:: Study material ::
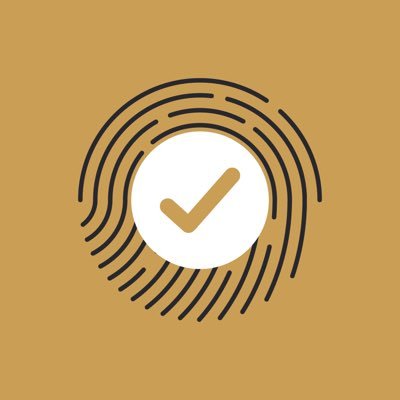 شركة توكيل للخدمات التجارية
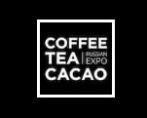 Coffee Tea Cacao Russian Expo 2023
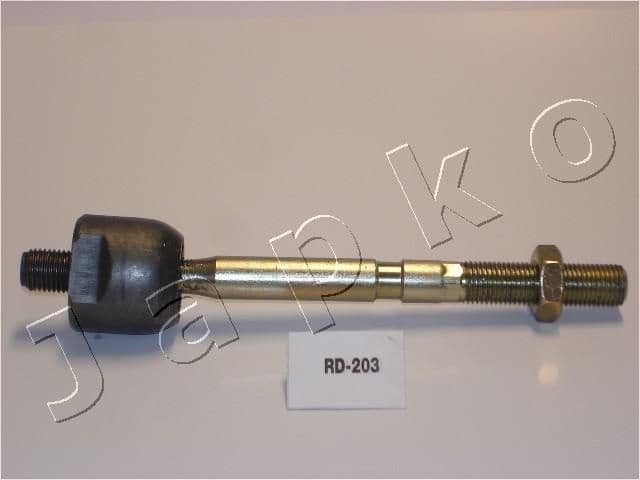 Inner Tie Rod 103203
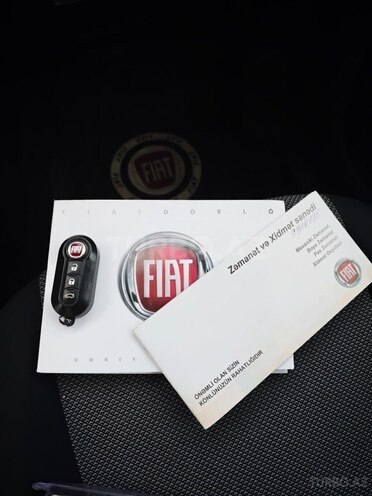 Fiat Doblo-14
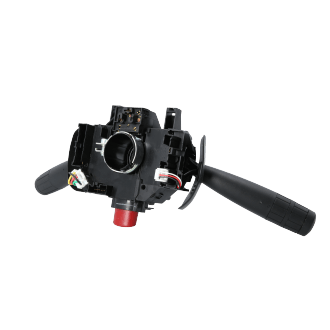 Llave de Luces Fiat Palio, Palio Adventure, Palio Weekend, Siena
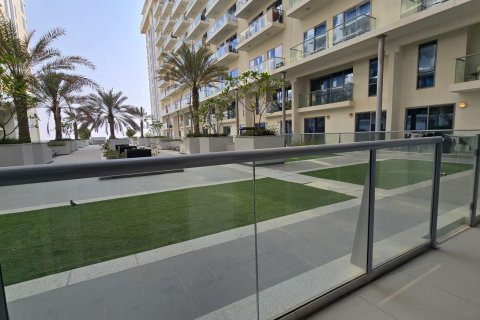Wohnung zum Verkauf in Ras Al Khaimah, VAE 1 Schlafzimmer, 72 m2 Nr. 734830 - Foto 13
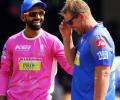IPL Preview: Rajasthan Royals eyeing third consecutive victory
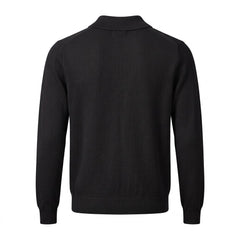 BK8661 Polo EDWHARD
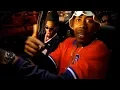 Download Lagu EPMD - Da Joint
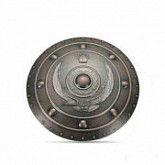 Оборонительный щит Е500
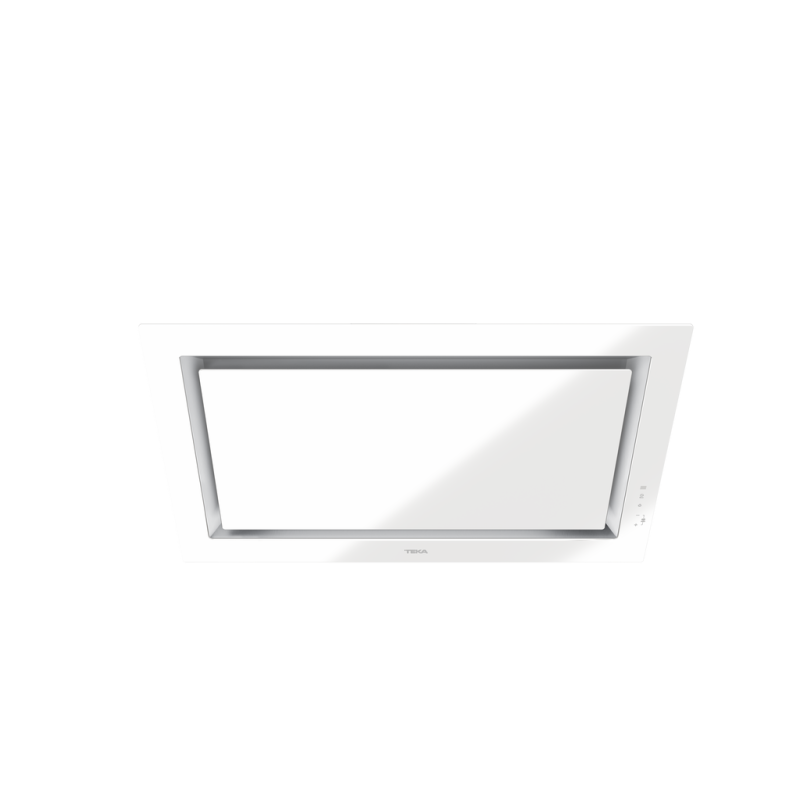 DLV 98660 TOS WH – Obrázok 2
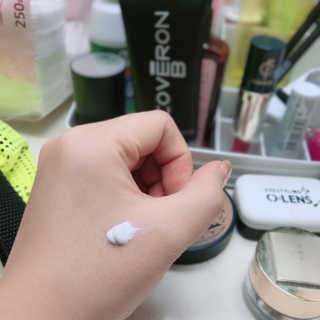 SOO님이 올린 리뷰 사진 2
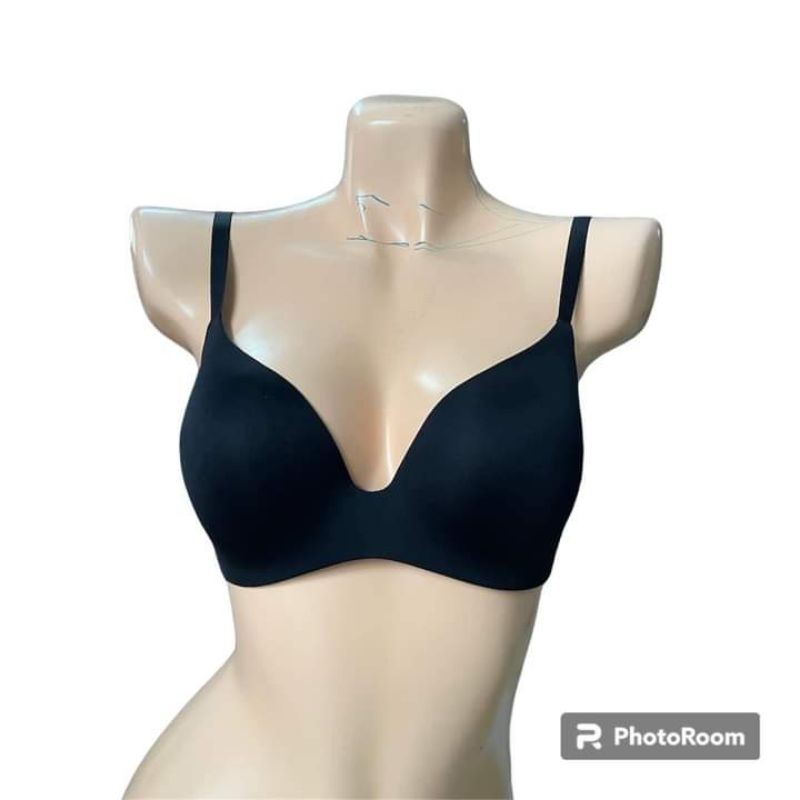 Áo ngực không gọng Uniql0 hàng vnxk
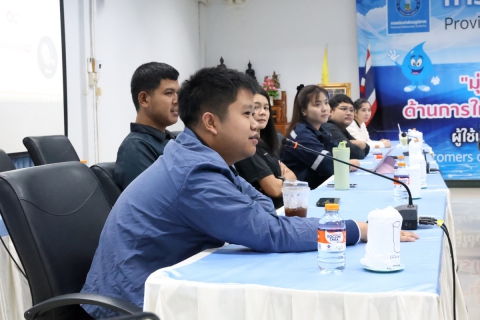 ไฟล์แนบ กปภ.เขต 3 จัดโครงการฝึกอบรมหลักสูตร ความปลอดภัย อาชีวอนามัย และสภาพแวดล้อมในการทำงาน สำหรับพนักงานใหม่ รุ่นที่ 1/69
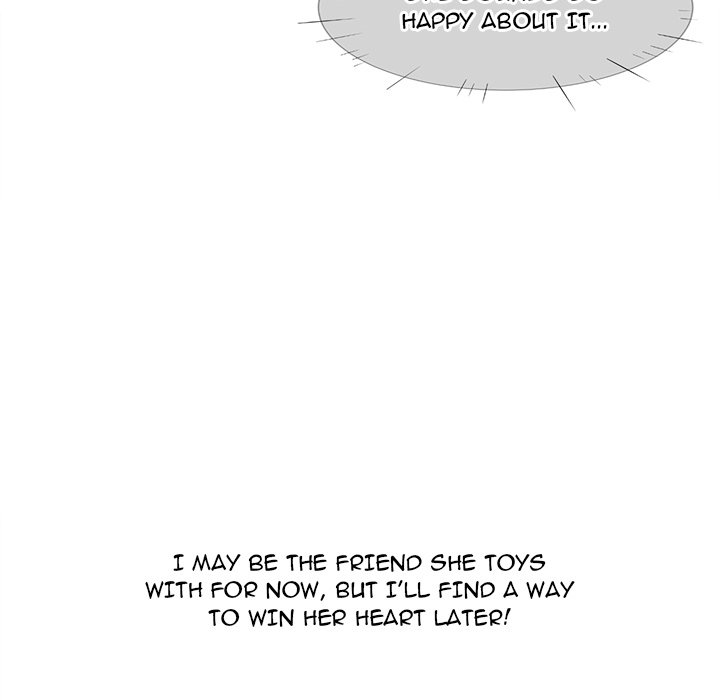 Excuse Me, This Is My Room Excuse me, This is my Room EP 13 - Toomics page 51 - 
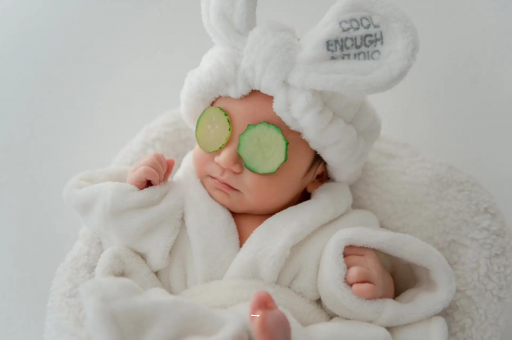 淮滨如何让宝宝喝奶瓶 淮滨如何让宝宝喝奶瓶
:::
*Exercise directions*: Starting at the line that contains "Оборонительный щит Е500", restate every line through the end of the records exactly as written, but leave the pictures out.

*Problem solution*:
 Оборонительный щит Е500
 DLV 98660 TOS WH – Obrázok 2
 SOO님이 올린 리뷰 사진 2
 Áo ngực không gọng Uniql0 hàng vnxk
 ไฟล์แนบ กปภ.เขต 3 จัดโครงการฝึกอบรมหลักสูตร ความปลอดภัย อาชีวอนามัย และสภาพแวดล้อมในการทำงาน สำหรับพนักงานใหม่ รุ่นที่ 1/69
 Excuse Me, This Is My Room Excuse me, This is my Room EP 13 - Toomics page 51 - 
 淮滨如何让宝宝喝奶瓶 淮滨如何让宝宝喝奶瓶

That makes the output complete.